Tuesday, December 05, 2006

SÍNDROME DAS MARIAS

João Paulo Medeiros


Havia mais de cinco meses que mantinha rigorosamente o mesmo suplício: logo depois do clarear do dia suco de três laranjas, sem açúcar, acompanhado de um ou dois pães integrais melados de manteiga de igual procedência. À tarde, alface, brócolis e arroz branco misturado com migalhas de carne de frango resseca pela nocividade do microondas. Por fim, sopa de legumes e verduras magras bem aquecida para amenizar o frio da noite e da barriga.

Em tempos de Fome Zero e Bolsa Família era privilegiada. Embora sentisse fome e de quando e vez escuridão na vista, comida e dinheiro não lhe faltavam. Na última visita que fizera ao médico, voltou para casa com os nervos à flor da pele quando este lhe disse que de nada adiantaria tanto esforço, porque provavelmente tratava-se de um problema genético – mais três quilos lhe foram acrescidos nas duas semanas anteriores.

“Mas como assim problema”, replicou enfurecida. Tudo o que fazia apenas não ajudaria a manter intacta sua estética de menina? Empurrava uma vida moldada por ilusões, hábitos e cláusulas por querer próprio.
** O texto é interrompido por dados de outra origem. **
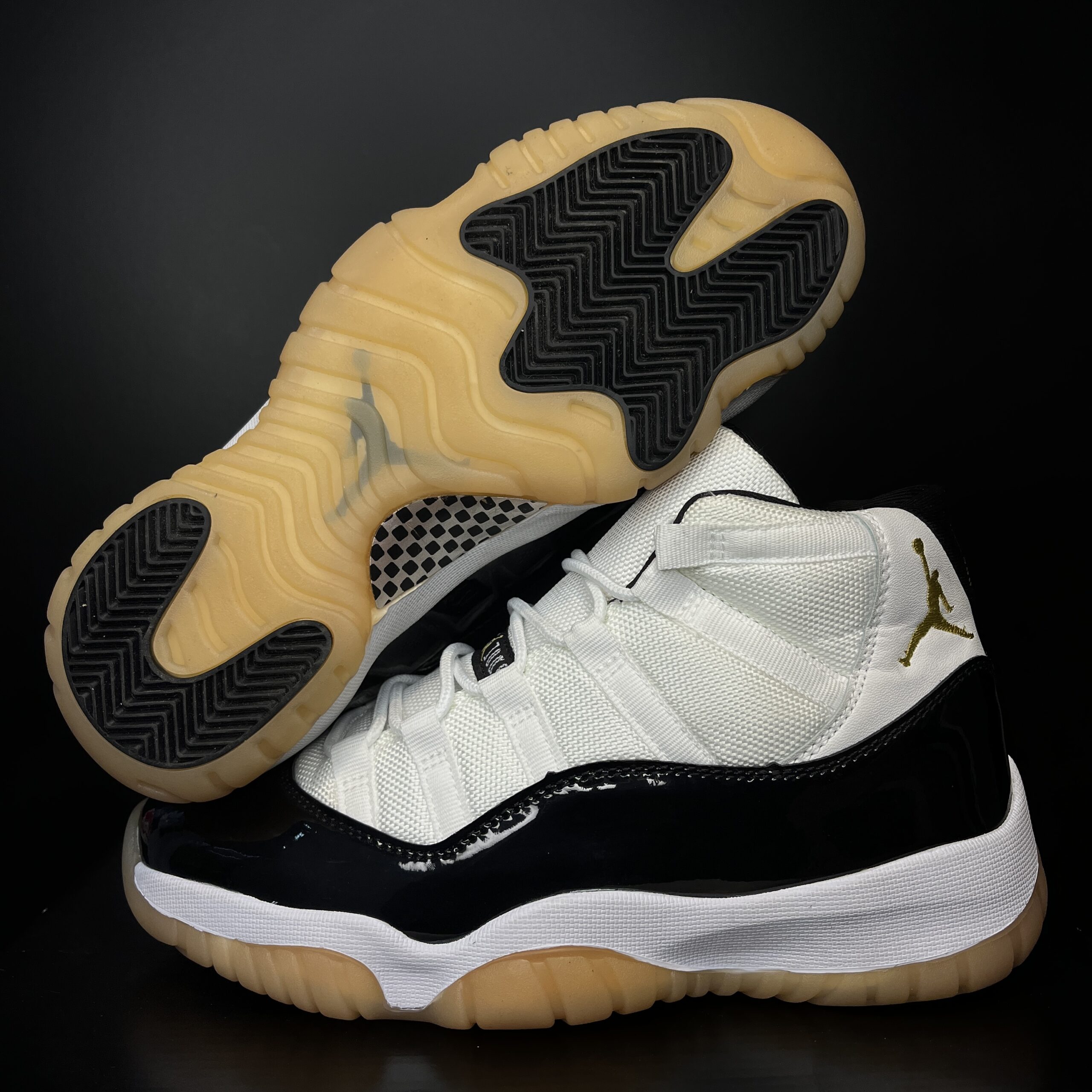 JORDAN RETRO 11 GRATITUDE - Imagen 2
Ao abrir a janela de seu quarto, ignorava com maestria os docinhos e salgados apetitosos da Padaria Onófrio, bem em frente a sua casa. Toda às tardes e noites servia-se do quarto enquanto pais e seus dois irmãos deliciavam-se do cardápio e da cozinha espaçosa. Dedicava horas e horas frente ao espelho registrando cada detalhe e mudanças ocorridas em seu corpo; dava especial atenção às pernas e quadris desengonçados e cheios de ossos, também olhava para a barriga volumosa, e não queria perceber que seus 70 quilos seguiam o padrão da riqueza nacional: abundantes e mal distribuídos em míseros 1.65m de altura. Jamais dispensava uma única oportunidade de verificar a eficiência de qualquer balança farmacêutica que encontrasse. Certas vezes receava a crueldade de alguns balconistas indiscretos, mas não resistia.

Numa dessas ocasiões, escutou de um deles: - Se balança falasse, essa aí já estaria aos gritos! O sangue torrou-lhe os juízos naquele instante. Sorte a dele que nenhum vasilhame de xarope havia por perto. Passada a raiva momentânea, pouco importava o que pensassem ou dissessem a seu respeito. Pois todo Narciso ama e cuida com zelo de sua beleza incontroversa. E mais ela, uma Maria brasileira... Filha do botox e do corretivo, escrava do desejo de prosseguir arranhando o céu da perfeição; ainda que o mundo e os números denunciem o contrário.

Dia desses, candidatou-se à garota carnaval...

3 Comments:

At 4:27 AM, Blogger Márcio S. Sobrinho said...

valew, jp! boa crônica!
gostei da parte: "...seguiam o padrão da riqueza nacional: abundantes e mal distribuídos..." :) ótima sacada!

 
At 6:14 AM, Blogger Gilberto Silva said...

Boa João!!!

 
At 5:05 AM, Blogger Lenildo Ferreira said...

Muito bem, Cony. Sou teu fã... me dá um autógrafo?